Dave, I agree...great article from Rolling Stone and well written.

The pics of The Fish really make everything worthwhile ; )

Roy, carry on you are the best! Class of '78 rocks!! Love the hair.
I'm in the SGHS yearbook as a senior that year...are those things online?
AKDOG

Mountain climber
Anchorage, AK
May 4, 2016 - 10:59am PT
Nice Jeff
Glad to see Toe Tag Tom doing so well
If there is every a party, Tom needs to bring the wine!
Tarbuster

climber
right here, right now
May 4, 2016 - 05:41pm PT
SOUL SURVIVAL

Bachar and Largo were competitive, and Yabo … tortured, half crazy, and painfully sincere.

At the end of the 70s, it was my time to shine. I had quit college, climbed The Nose, and started guiding as much as possible. During the winter of '80, Erik and I joined Largo, Lynnie, Vogel, Yabo, and a few others for the FAs of the top rope problems Animalitos and Animalargos, at Hound Rocks, Joshua Tree. These discontinuous crack lines were steep and almost acrobatic. Animalitos was the name printed on a box of animal crackers which we passed around. We had fun naming the second route after John Long: "Animalargos".

While we were warming up, Yabo lit up solo on one of the nearby Baskerville cracks. He was always charging out on something iffy, maybe hoping for approval, but mostly getting his fix. Watching him was kind of yucky. He shook nervously for a good portion of his daily baptism.

A year earlier, I'd had my own baptism.

"Get yer chalk bags! Bachar's goin' to The Beaver!!!" Mari rallied the troops … and anybody who thought they could hang, came with.

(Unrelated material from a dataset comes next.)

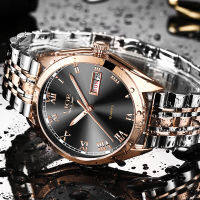 New LIGE Luxury Gold Dial Luminous Pointer Men Watches Business Waterproof Shockproof Chronograph Stainless Steel Watch Men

We were cliquish as hell. But it was a meritocracy, and people generally self-selected, because the atmosphere was inclusive. The Kirkatron, a pumpy traverse named after the eccentric saxophonist Rahsaan Roland Kirk (idolized by Jimi Hendrix), was one of Bachar's favorite workout venues. So we would all sling laps on the reddish monzonite at the base of Sports Challenge Rock and share a top rope on Leave It to Beaver.

When I buzzed across the traverse, Mari hollered, "Where did we get this kid?", but I snapped off a hold and flew onto my back. I was getting strong, but still a little green.

There were times when being out bouldering was the better call, if just to stay warm. This also suited group activities. There is a water wheel affect when climbing in a collective. Examples get set. People try harder. We made each other better by pushing one another. And as part of his meticulous nature and personal flair, Bachar started wearing these idiosyncratic color-coordinated sports outfits. He was a pro, and acted the part.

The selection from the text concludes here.